» What to produce: Return the whole of the data exactly.

» Materials provided:
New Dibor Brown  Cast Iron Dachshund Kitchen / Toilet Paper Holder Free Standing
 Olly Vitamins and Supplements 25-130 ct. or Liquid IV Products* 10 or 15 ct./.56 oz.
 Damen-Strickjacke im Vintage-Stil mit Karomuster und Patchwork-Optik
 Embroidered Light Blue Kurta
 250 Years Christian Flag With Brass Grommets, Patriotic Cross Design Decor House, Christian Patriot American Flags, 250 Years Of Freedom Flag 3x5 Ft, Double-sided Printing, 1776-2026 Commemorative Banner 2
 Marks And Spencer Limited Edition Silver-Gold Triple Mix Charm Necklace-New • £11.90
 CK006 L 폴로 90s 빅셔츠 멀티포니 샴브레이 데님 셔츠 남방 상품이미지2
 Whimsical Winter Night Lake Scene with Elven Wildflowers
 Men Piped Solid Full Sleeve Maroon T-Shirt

» Your response:
New Dibor Brown  Cast Iron Dachshund Kitchen / Toilet Paper Holder Free Standing
 Olly Vitamins and Supplements 25-130 ct. or Liquid IV Products* 10 or 15 ct./.56 oz.
 Damen-Strickjacke im Vintage-Stil mit Karomuster und Patchwork-Optik
 Embroidered Light Blue Kurta
 250 Years Christian Flag With Brass Grommets, Patriotic Cross Design Decor House, Christian Patriot American Flags, 250 Years Of Freedom Flag 3x5 Ft, Double-sided Printing, 1776-2026 Commemorative Banner 2
 Marks And Spencer Limited Edition Silver-Gold Triple Mix Charm Necklace-New • £11.90
 CK006 L 폴로 90s 빅셔츠 멀티포니 샴브레이 데님 셔츠 남방 상품이미지2
 Whimsical Winter Night Lake Scene with Elven Wildflowers
 Men Piped Solid Full Sleeve Maroon T-Shirt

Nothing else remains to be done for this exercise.